WASHINGTON -- President Barack Obama is calling for a review of the controversial Stand Your Ground laws that were at the heart of the killing of Trayvon Martin.
"I think it would be useful for us to examine some state and local laws to see if it -- if they are designed in such a way that they may encourage the kinds of altercations and confrontations and tragedies that we saw in the Florida case, rather than defuse potential altercations," Obama told reporters in a surprise press conference at the White House on Friday.
Florida was the first state in the nation to pass a law that allows an individual who feels threatened to "stand his or her ground and meet force with force, including deadly force." There are now about 30 states with such statutes.
George Zimmerman was recently found not guilty of second-degree murder in the killing of Martin, an unarmed African-American teenager. Police originally did not arrest Zimmerman for six weeks because of Stand Your Ground.

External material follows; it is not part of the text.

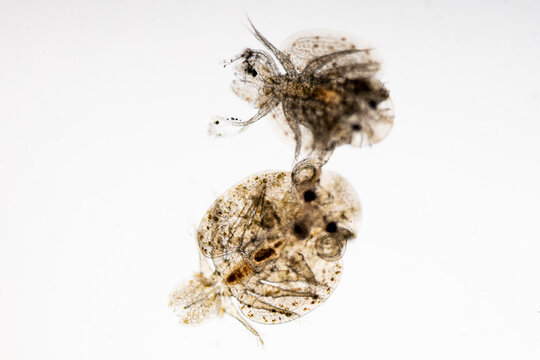 Patterns and backgrounds of Parasitic (Argulus sp. And (Clinostomum sp.), Study of Argulus sp. And Clinostomum sp. under microscope view in laboratory.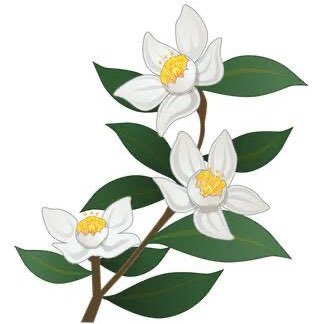 ボンド所属研修生の橘旺叶(たちばなおうか)です!皆に会うために準備中🥺IRIAM関係者フォロバ100%!無言フォロー許してください🙇♀️片思いは3日まで🥰DM事務所管理です📨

Although Zimmerman's defense team did not invoke a Stand Your Ground defense, it was still central to the trial and read to the jury as part of its instructions.
"If we're sending a message as a society in our communities that someone who is armed potentially has the right to use those firearms, even if there's a way for them to exit from a situation, is that really going to be contributing to the kind of peace and security and order that we'd like to see?" asked Obama on Friday.

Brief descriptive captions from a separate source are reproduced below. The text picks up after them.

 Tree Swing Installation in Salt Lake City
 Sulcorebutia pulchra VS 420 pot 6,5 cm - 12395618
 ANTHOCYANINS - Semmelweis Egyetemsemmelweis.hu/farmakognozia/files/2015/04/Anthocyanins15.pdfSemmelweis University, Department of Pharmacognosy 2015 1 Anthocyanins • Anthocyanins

"And for those who resist that idea, that we should think about something like these 'Stand Your Ground' laws, I just ask people to consider if Trayvon Martin was of age and armed, could he have stood his ground on that sidewalk? And do we actually think that he would have been justified in shooting Mr. Zimmerman, who had followed him in a car, because he felt threatened? And if the answer to that question is at least ambiguous, it seems to me that we might want to examine those kinds of laws," he added.
Sen. Dick Durbin (D-Ill.) also announced on Friday that his Senate judiciary subcommittee will hold a hearing on such laws in September. It will delve into how these laws and racial profiling mix and the role of the conservative American Legislative Exchange Council in pushing these statutes nationwide. In May, the U.S. Civil Rights Commission voted to launch an investigation into whether Stand Your Ground laws have a racial bias.
A June 2012 study by the Tampa Bay Times found that in Florida, defendants who cited the Stand Your Ground law were more likely to prevail when the victim was black. Seventy-three percent of those who killed a black person walked away with no penalty, compared to 59 percent of those who killed a white victim.